Secrets

Secrets include connection passwords, tokens, and other sensitive information the Intelligence Hub requires to connect to external systems. This section covers the different ways to manage secrets in the Intelligence Hub.

Encryption/Decryption

In all cases, secrets are stored securely on the local file system using a private key to encrypt and decrypt the secrets. The key is located in the intelligencehub-certificatestore.pkcs12 file. The key is generated when first running the Intelligence Hub, and re-created any time the file or key cannot be loaded.

Inline Secrets

By default, secrets entered for a Connection (ex. a password) are encrypted and saved in the intelligencehub-configuration.json along with all project configuration. Below is an example of an encrypted field for a connection.

json
{
  "password" : {
    "type" : "Encrypted",
    "value" : {
      "keyId" : "/68PfkTLjYIbwiCzbi8++A==",
      "iv" : "ohKWcdoU+99Ofjt9k8in/g==",
      "ciphertext" : "nzU9pFgwUK5DXrh/Pgyz4w=="
    }
  }
}

Inline secrets are convenient and simple but can become problematic when managing the same project across different environments.

External Secrets

External Secrets may be a better solution in cases where a project is moved between environments that have different credentials. An example of this could be Dev, QA, and Production. With External Secrets the intelligencehub-configuration.json references a secret by name, but the secret is stored and encrypted in a intelligencehub-secrets.json. This way the project file can remain the same between environments and only the secrets file changes.

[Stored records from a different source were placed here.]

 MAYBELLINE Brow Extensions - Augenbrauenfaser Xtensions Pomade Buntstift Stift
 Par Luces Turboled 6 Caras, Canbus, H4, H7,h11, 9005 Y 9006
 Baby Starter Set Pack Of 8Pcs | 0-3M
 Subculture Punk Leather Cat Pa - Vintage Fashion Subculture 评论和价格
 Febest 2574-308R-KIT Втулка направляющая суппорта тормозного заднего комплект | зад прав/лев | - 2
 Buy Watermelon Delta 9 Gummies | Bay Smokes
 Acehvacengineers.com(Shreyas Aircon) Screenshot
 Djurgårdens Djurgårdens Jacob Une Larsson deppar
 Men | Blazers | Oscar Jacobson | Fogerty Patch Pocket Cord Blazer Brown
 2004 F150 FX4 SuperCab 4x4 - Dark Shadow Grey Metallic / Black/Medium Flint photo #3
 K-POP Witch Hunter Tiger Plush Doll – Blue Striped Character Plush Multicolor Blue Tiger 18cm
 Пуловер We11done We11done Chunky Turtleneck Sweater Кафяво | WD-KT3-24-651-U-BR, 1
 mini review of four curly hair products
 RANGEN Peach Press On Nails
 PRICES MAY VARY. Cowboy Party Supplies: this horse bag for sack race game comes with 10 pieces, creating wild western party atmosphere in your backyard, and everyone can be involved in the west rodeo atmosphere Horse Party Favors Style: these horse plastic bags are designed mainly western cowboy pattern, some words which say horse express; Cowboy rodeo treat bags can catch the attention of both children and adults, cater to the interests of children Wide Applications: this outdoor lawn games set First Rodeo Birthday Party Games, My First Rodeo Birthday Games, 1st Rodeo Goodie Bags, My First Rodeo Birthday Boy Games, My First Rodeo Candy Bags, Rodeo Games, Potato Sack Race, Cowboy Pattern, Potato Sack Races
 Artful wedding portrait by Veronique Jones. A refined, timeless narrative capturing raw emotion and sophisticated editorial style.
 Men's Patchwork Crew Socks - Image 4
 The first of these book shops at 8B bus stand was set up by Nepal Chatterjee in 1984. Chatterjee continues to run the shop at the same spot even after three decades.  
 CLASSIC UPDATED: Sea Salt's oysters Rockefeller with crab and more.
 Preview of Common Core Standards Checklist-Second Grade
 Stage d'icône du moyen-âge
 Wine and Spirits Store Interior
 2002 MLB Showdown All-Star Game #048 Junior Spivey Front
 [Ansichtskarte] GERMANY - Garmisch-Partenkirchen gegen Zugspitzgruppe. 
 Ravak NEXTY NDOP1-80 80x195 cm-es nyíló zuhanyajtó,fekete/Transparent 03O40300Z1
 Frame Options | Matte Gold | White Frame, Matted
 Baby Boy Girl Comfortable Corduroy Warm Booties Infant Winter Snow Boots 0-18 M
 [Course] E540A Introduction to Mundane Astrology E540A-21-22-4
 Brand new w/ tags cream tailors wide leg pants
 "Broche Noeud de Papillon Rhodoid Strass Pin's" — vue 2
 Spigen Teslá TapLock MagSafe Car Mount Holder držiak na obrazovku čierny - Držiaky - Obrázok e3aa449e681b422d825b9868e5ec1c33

Secrets can be managed in the Settings | Secrets tab, and then referenced in the Connection settings for each Connection. Below is an example of the secret reference in the intelligencehub-configuration.json file.

json
{
  "password" : {
    "type" : "Reference",
    "value" : "mypassword"
  }
}

Sharing Projects with Secrets

In order for an Intelligence Hub to load secrets, either inline or external, it must have the same key as the Hub that encrypted the secrets. This means it must share the intelligencehub-certificatestore.pkcs12 file. If the Hub loading the secrets does not have the same key, the secrets will fail to load and must be manually re-entered to be encrypted by the local key.

Project Import/Export

Project import can import secrets in plain text, encrypted, or referenced formats. Although plain text secrets are not recommended, the import will encrypt the secret using the local key before storing it in the configuration file. If the secret is imported as encrypted, the local key is used to decrypt the secret. If this fails, the user is warned and they must re-enter the secret before using the connection. If the imported secret is a reference, the local intelligencehub-secrets.json must contain the reference, otherwise a runtime error occurs when using the connection.

Project export can export secrets as inlined or referenced. Project export never exports secrets in plain text.